Friday, 1 February 2008
Portrait of a Young Man as the Artist
Above: As I write, a film is being made in my very suburb about an artist who obsessively makes self-portraits in an attempt to understand himself. (Not a bad method, I think.) Because it is a film, other people were asked to actually provide drawings of the actor who is playing the character (thespians are too busy to draw themselves, and anyway, I think the director required alot of portraits to cover the studio set). So yesterday I was e-mailed a series of photos of this pretty, self-conscious young man with wavy black hair, a bushy beard (what is it with beards? They are so, like, now!), bright blue eyes, pale skin, a round pink mouth and big pink ears. I had 40 minutes to do both of my drawings, I wish I had had longer: I would love to have been able to concentrate on those three colours that I saw (black, blue and pink) and really simplify his features against them.
Inspiration 2: Italy
Above: one of the many lovely habits that the Italians have is that they like to wrap fruit in printed paper. (In retrospect, it is probably environmentally speaking not such a great habit.) Anyway, it looks incredibly pretty, advertises the good work of the farmer and has probably kept alot of artists employed. I'd love to say that this wrapper is from an orange that I ate in Rome in the summer of 1998, or something, but it is actually a notecard published as part of a series by the ever clever Chronicle Books and bought from Readings in Carlton.
Above: Cool chick of Rome, from Southern Italy, by Mattieu Smedts (The Hague, 1966). Photograph by Kees Scherer. A fantastic book of 1960's technicolour photos, so great that I could almost reproduce the whole thing here. A find from Booktalk, Swan Street, Richmond.

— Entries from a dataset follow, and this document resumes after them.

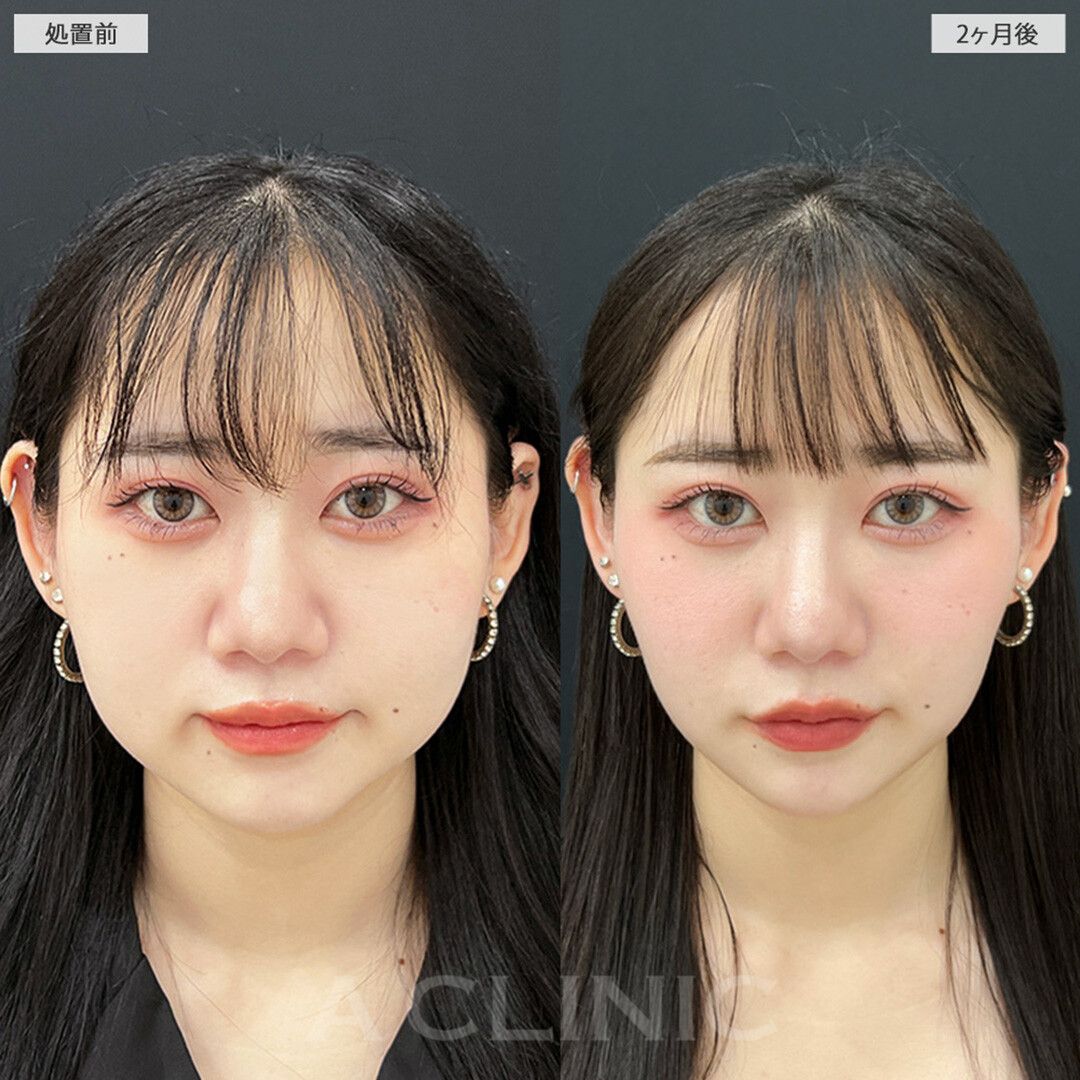 1day小顔脂肪吸引症例写真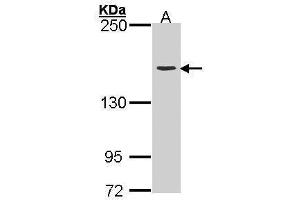 WB Image Sample (30 ug of whole cell lysate) A: H1299 5% SDS PAGE antibody diluted at 1:3000 (Topoisomerase II alpha antibody  (C-Term))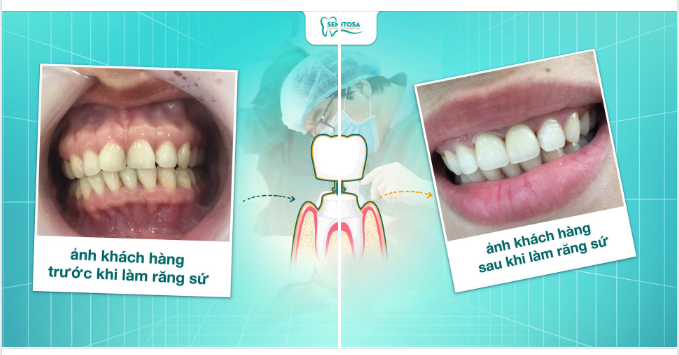 GÓC FEEDBACK  RĂNG SỨ CHẤT LƯỢNG Y NHƯ RĂNG THẬT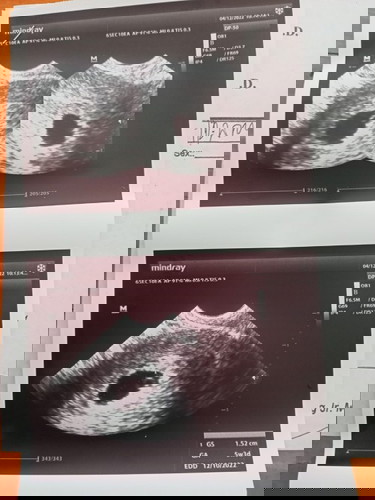 Ano pong tawag dun sa bilog sa loob ng gestational.sac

Above: a stamp on a letter that I would have received in the early 1990's, probably from The Florentine Cousin. How could you not love a country that produces such pretty stamps??!!
Above: again, credit to The Florentine Cousin, for finding and sending me this butcher shop's bag. In case you have pondered what might happen to a printed plastic shopping bag after it has sat under glass in a picture frame for approximately fifteen years: the red colour has all but disappeared, rendering those previously irresistible steaks almost unpalatable.
Above: images from The Cooking of Italy, Time Life Books, New York, 1969. Because these photographs sit on opposite pages in the book, I like to imagine that the people sitting in the little nook above are waiting as the lady below them bastes their main course. However, the first picture above was taken in a home (yes a h o m e) on an island near Venice, and the picture below it was taken in a country restaurant near Treviso. I'd be happy to dine at either. Photographs by Fred Lyon.
Above: a reproduction found on the internet of my beloved 1946 Carta Gastronomica by Vsevolod Niculin, which lives in my kitchen and was purchased from The Chapel Street Bazaar many years ago. Mine has faded to a nicer shade of green. If you look across the sea to the Croatian coast, the 'south' pointer sits handily above Brac, the island that my parents come from.
Above: I love vintage Italian (and French) posters. I searched the internet for an example of a travel or food related one to reproduce here. This one caught my eye instead. It translates -- I believe -- to 'Walk in Pirelli'. I think it's beautiful: simple and clever. (Unknown artist, 1950. Image taken from International Poster.)